El oficial, ya no tan joven, fue condecorado por quien había sido su superior y ahora regentaba el país. Su unidad se consideraba de élite, lo que en realidad quería decir que se podía sacrificar con la única pérdida de perder una valiosa arma. Prestó a sus hombres para sofocar cualquier levantamiento, cualquier resistencia, y cuando todo se acabó y llegó la paz, su unidad se convirtió en algo que prestaba la nación a aquellas otras que estaban en guerra. Los donnadies debían estar siempre en combate, si no, pensaba el oficial, podrían darse cuenta del desagüe que tenían dentro.
Cuando hubo una nueva guerra se mandó a las tropas de un lugar a otro, pero cuando el oficial que las comandaba empezó a frecuentar al dictador, la unidad quedó relegada a la vigilancia de un cuartel que quedaba, de nuevo, en mitad de la nada.

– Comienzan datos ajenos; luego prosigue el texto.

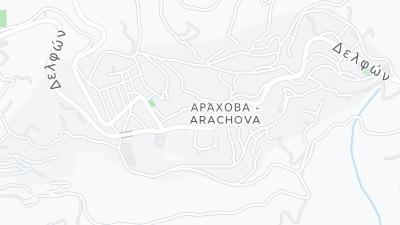 Plan de localisation de l'hôtel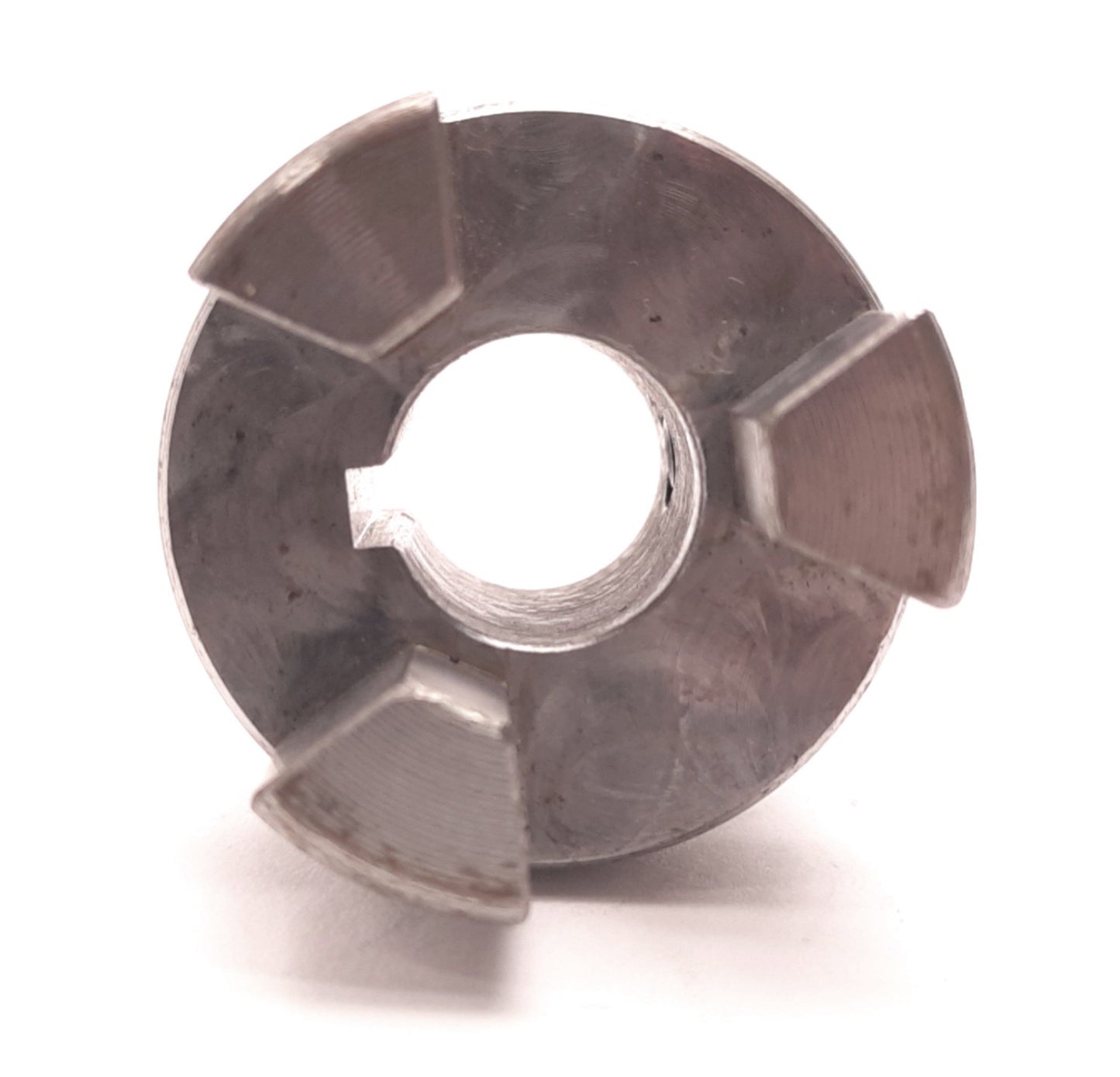 Used Boston FC12-1/2 Shaft Coupling Half 1/2" Bore, 1.25" OD, 200 In-Lbs Max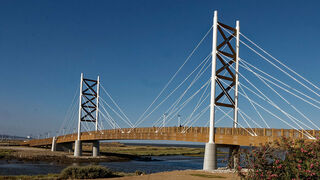 El polémico puente de Lisboa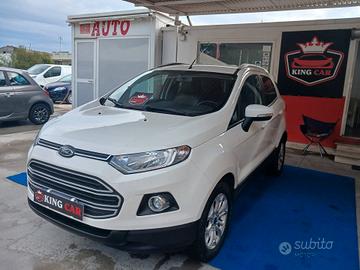 Ford EcoSport 1.5 TDCi 95 CV Titanium KM 119000 PE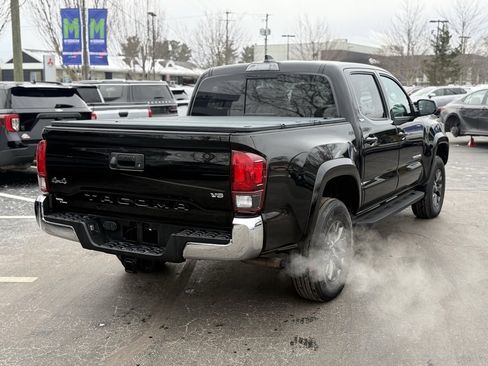Certified 2023 Toyota Tacoma SR5 image 8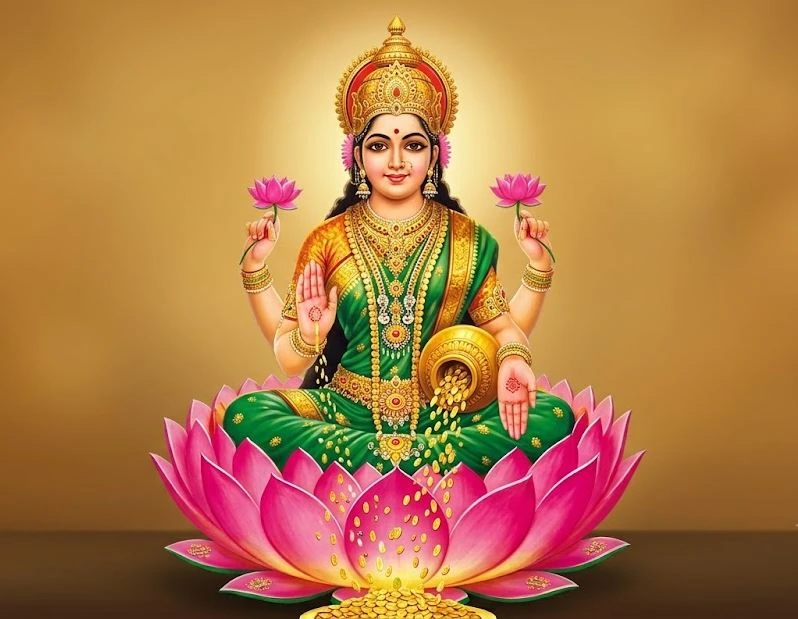 Siddhi Lakshmi Stotram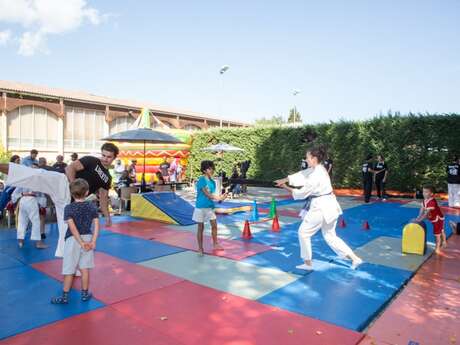 Fête du Sport à Grimaud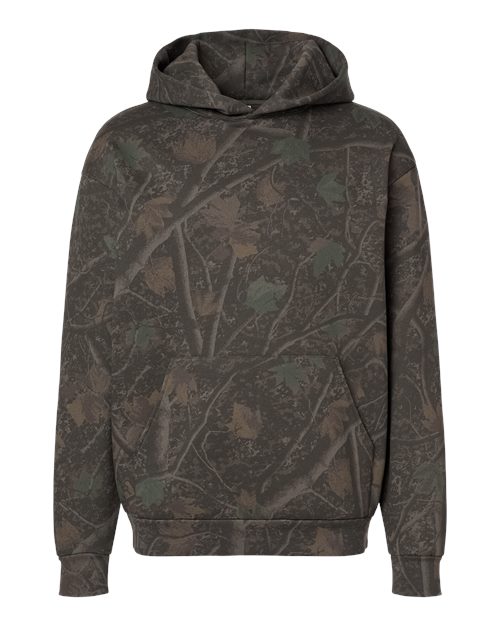 Independent Trading Co. Unisex Boulevard Heavyweight Hooded Sweatshirt IND330BLV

Se apresó al dictador, al oficial y a otros tantos, y se les fusiló entre vítores. Llegaba un nuevo sistema de gobierno con elecciones y se empezaron a hacer cambios. Se disolvió la unidad, se les quitaron las armas y se les mandó a casa. Casa era un concepto extraño, una carretera que recorrías por el arcén portando una maleta y que te llevaría a un lugar, el que fuera, al que apodarías casa. Por inercia o intención, todos acabaron en la nada de la que salieron y allí se asentaron. Alguno intentó plantar, otros, si tenían un arma a mano, probaron con la caza, pero si no la tenían y pedían el permiso para tenerla, siempre se les denegaba, había orden de no dar armas a aquellos antiguos soldados. Al final todos acabaron sentados en el quicio de la puerta, fumando. Si plantaban se moría, si se casaban les abandonaban. Mientras tanto el humo de los cigarrillos parecía no contentarse con los pulmones y se extendía dentro del cuerpo, llenando los brazos, las piernas, el tronco, rascando la piel por dentro y saliendo al fin por la boca o por los agujeros de las balas.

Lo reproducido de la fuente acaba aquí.